I break it down further than Cesar does. Cesar's order when observing the family pet dog is:
Animal
Dog
Breed
Personality
I go a little further:
Animal
Vertibrate
Mammal
Social Mammal
Carnivore (w/omnivorous abilities)
Canis group
Wolf (common ancestry)
Species dog
Breed
Breed lines
Natural pack status by birthright (dominant or submissive)
Personality
A dog is a member of the "canis" group before it is a dog. A dog's breed specifics are important, but a dog is a canis group member and a dog before it was bred by man for certain "skills'.
All pit bulls are first a canid, second a dog, third their breed, forth their breed line, etc. Certain traits and behaviors will apply to the dog, but specific skills apply to specific breeds.
These skills which were bred for by man, should not be ignored and are a definate "heads-up" should you choose to live with a certain breed. These skills will also surface if the dog becomes frustrated with excess energy and/or is not provided with confident fair leadership.
However, a dog is a dog, first - before it is a breed. To say all dogs of a specific breed will
always behave a certain way, regardless of how their human raises, trains, communicates, and fulfills their needs, is a gross generalization which I've personally seen proven wrong.

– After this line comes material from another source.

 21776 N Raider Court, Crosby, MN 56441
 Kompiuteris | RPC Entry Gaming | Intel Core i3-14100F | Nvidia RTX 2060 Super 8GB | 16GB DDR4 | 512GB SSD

We sould also take into account the different lines within a certain breed. A GSD with extremely sloping hindquarters and of a line bred for a passive temperment (which may win points in a show ring in America and may make a good family pet) is not of the same lineage as their German bred, working counterpart bred for protection and doing military patrol.
There are "specifics" of pupose even within a given breed, depending on the goals it's human masters (breeders) are intent on acheiving within that given line.
Take any line of any breed, read the breed specifics on the net and you will see some interesting information.
It's also interesting how so many breeders of the specific lines in any specific breed describes their own dogs as "special" and different from every other dog on the planet.
Yet, they are all first and formost, dogs.